As online shopping spree staggers, the temptation to purchase fashionable and stylish looking shoes, ignoring proper orthotic ones are growing. Podiatrists, while referring to wearing wrong shoes for diabetic patients, use the term “shoe-i-cide!”
Diabetic patients have a vulnerable pair of feet and the effects of this chronic illness slowly showcase themselves on this region of the human body – our base of strength, our feet. So it is a medical practitioners’ advice to choose the correct footwear for those having diabetes. Falling short of foot care and footwear can prove to be fatal in diabetes. Failing to execute suggested foot care and wearing wrong shoes can lead diabetes patients to foot ulcers. Ulcers are painful and potentially severe. They can sometimes lead to amputation. Thus it is important to check your feet daily and choose your shoes wisely.
Here are the general problems associated with choosing the wrong shoes.
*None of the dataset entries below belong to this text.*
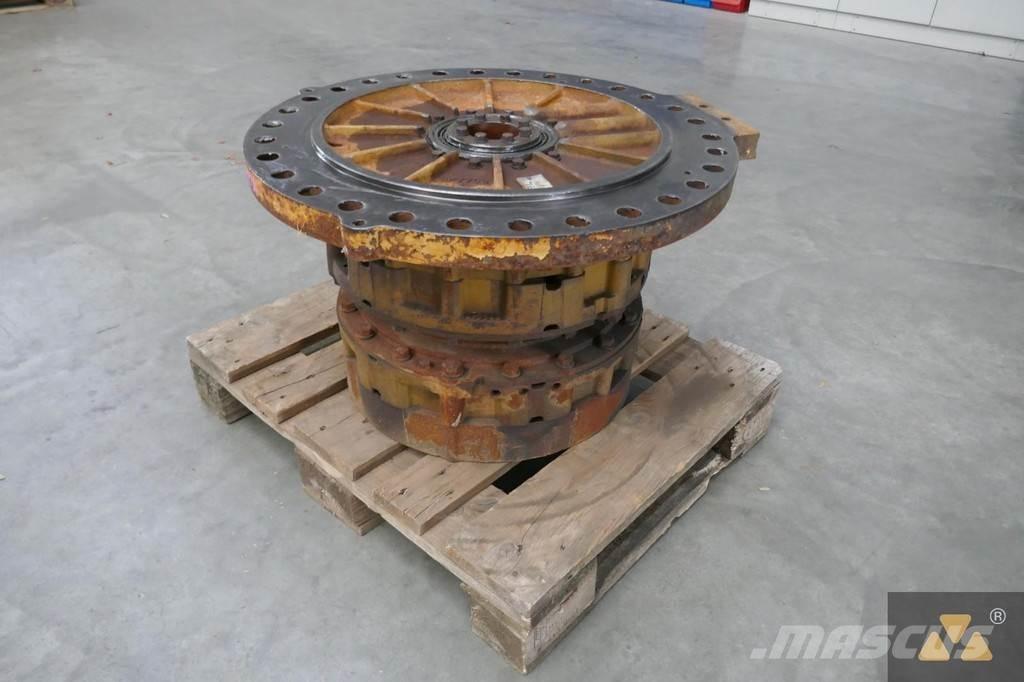 CAT 6P-4379 Transport – Andet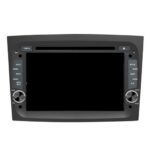 DIGITAL IQ BLE 365BL_CPA (7" DECK) MULTIMEDIA SYSTEM for FIAT 500 mod. 2007-2015 (BLACK) - Image 9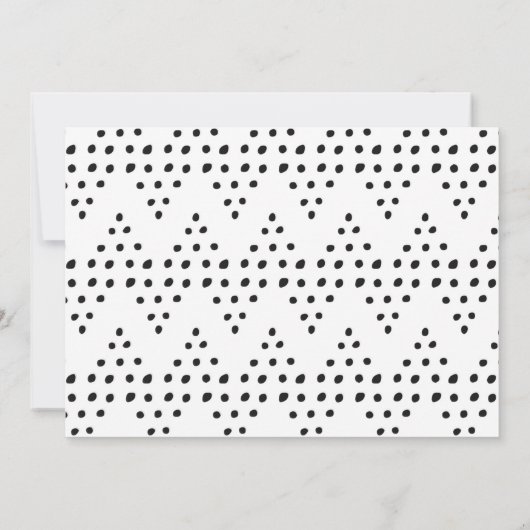 Racecar Invitation Anniversaire (Dos)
High heels can cause everything from ankle sprains to chronic pain in heels, knees, back, and shoulders. People who wear high heels regularly, have stiffer and thicker Achilles tendons than those who do not wear heels. High heels can lead to:
a) Painful swelling at the back of the heels which is called a pump bump.
b) Wrong shoes put stress on the ball of the foot and on the joints of the smaller toes causing strain and pain.
c) All High Heel or pointed shoes run the risk of a grave ankle injury, even fracture. Severe pain can cause injuries in ligaments too.
d) While we stand barefoot, our body weight passes through foot joints and spine via a fixed axis called the weight-bearing axis. This axis changes when one chooses a high heel and compels the spine to bend forward to maintain the center of gravity, thereby causing low back pain and spinal deformity.
e) Pain on the lower surface of the heel due to a disease called plantar fasciitis is common in women wearing high heels.
Wearing complete flats, even without the slightest heels, is like walking on cardboard. There is no arch support and it hinders the foot joints to work optimally.
These shoes offer very little protection. The hazard of getting splinters or other foot injuries is much more when the feet are so exposed. Diabetic patients should not wear flip-flops, because simple cuts and scrapes can lead to severe complications.
If you have not measured your right shoe size for a while, it is high time you plan a visit to the nearby shoe-store, especially if you are diabetic. Wearing shoes that are ill-fitted and wrong-sized can be fatal. A UK study has shown that only 6 out of 10 people have a clear concept of a what a properly fitted shoe is and this does not essentially mean a tightly fitted shoe.